Thursday, August 04, 2011

The Cortisol Test

What follows may be a little gross, so I'll be fairly clinical about it. As I talked about the other day, I've been dealing with extended periods of fatigue. The only way to detect whether my body is producing excessive or insufficient amounts of Cortisol is to track bodily function for 24 hours solid. This test shows how primitive modern medicine can be, since I'm being asked to provide a full day's urine sample, as well as to refrigerate said sample in between. I have another specialist's appointment mid-day, so taking everything with me is going to be a chore. But since it's at a hospital, I doubt it'll be anything they can't accommodate.

I can't pour the recently urine into the container itself, as it contains boric acid. Getting that on myself would not be good. Still, having just started the process, I see how cumbersome it really is and will be from start to finish. The total collected sample is in the form of an orange plastic jug that I must also refrigerate whenever possible. Cortisol levels change frequently throughout the day, and the issue here is whether or not the trajectory is normal or abnormal. I would opt for abnormal. And if I had to point a finger at any culprit, it would probably be the thyroid gland, which already showed evidence of abnormality during an ultrasound a few months back.

What is being tested here is whether I have Cushing's Syndrome, an adrenal tumor, or excessive production of a pituitary-secreted hormone called ACTH. A tumor could be involved there, too. At this stage in the game, I am far less likely to entertain the worst case scenario. If I had to self-diagnose, I'd believe that there's something about my adrenal gland that is causing it to overproduce or underproduce cortisol. When I had the MRI of the pituitary gland performed in November, the odds were more likely that it might be something serious. The doctor who provided the order was extremely concerned that I might have cancer, which is why I flipped out the way that I did.

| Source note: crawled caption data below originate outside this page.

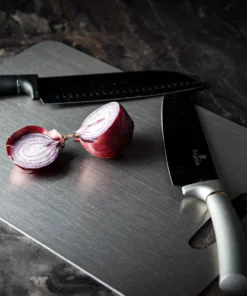 100% Pure Titanium Cutting Board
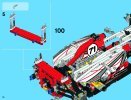 Bauanleitungen LEGO - Technic - 42000 - Sportwagen: Page 30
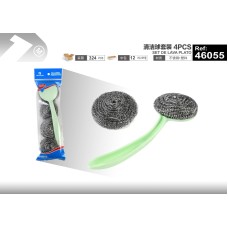 清洁球套装 4PCS 清洁球套装 4PCS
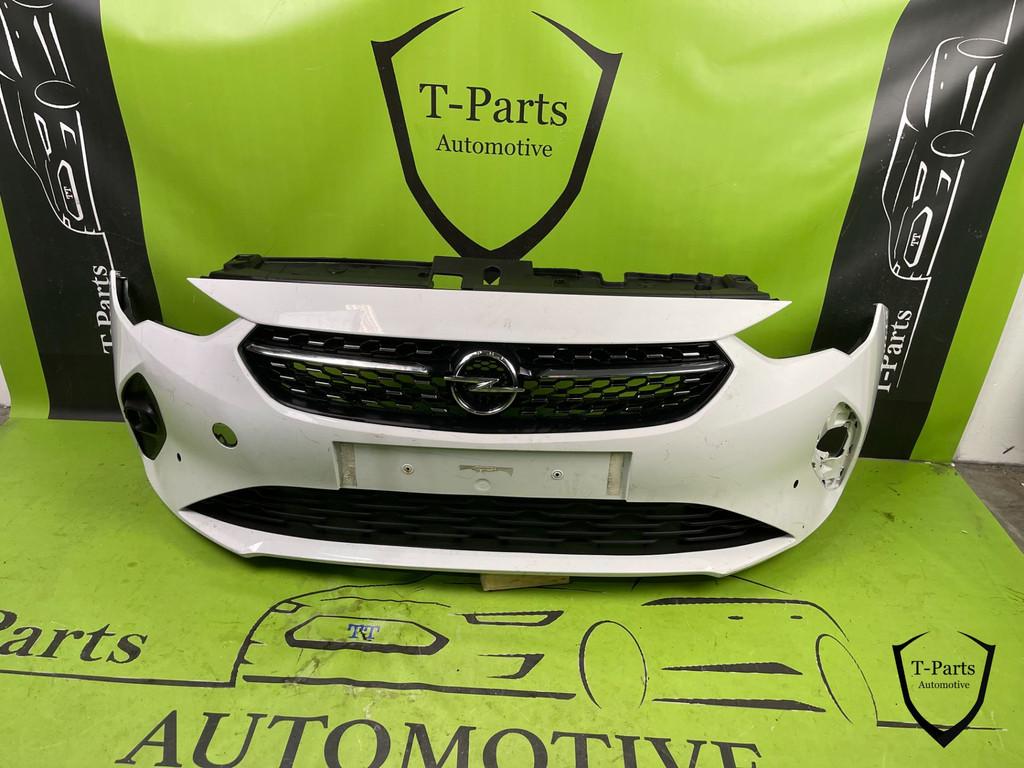 opel corsa F voorbumper bumper 6x pdc, Info@fabrikant.eu, Opel, Bumper, Fabrikantstraat 1
1000 AA  Amsterdam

This is not the case here.

It's also possible that two drugs I take to treat bipolar, Seroquel and Lithium, are either the cause or are making an existing condition much worse. I suspect there may be a correlation between Lithium and mild outbreaks of Psoriasis. Within the last three months, I have discovered two places on my chin that become red and a little scaly. I apply a steroid gel prescribed for that purpose and within two days it is fully healed. Again, the complexities of the human body means that sometimes drugs used to treat existing conditions provide unwanted and unforeseen side effects. Someday they might be able to develop treatments that didn't create other problems and I embrace the future for this reason.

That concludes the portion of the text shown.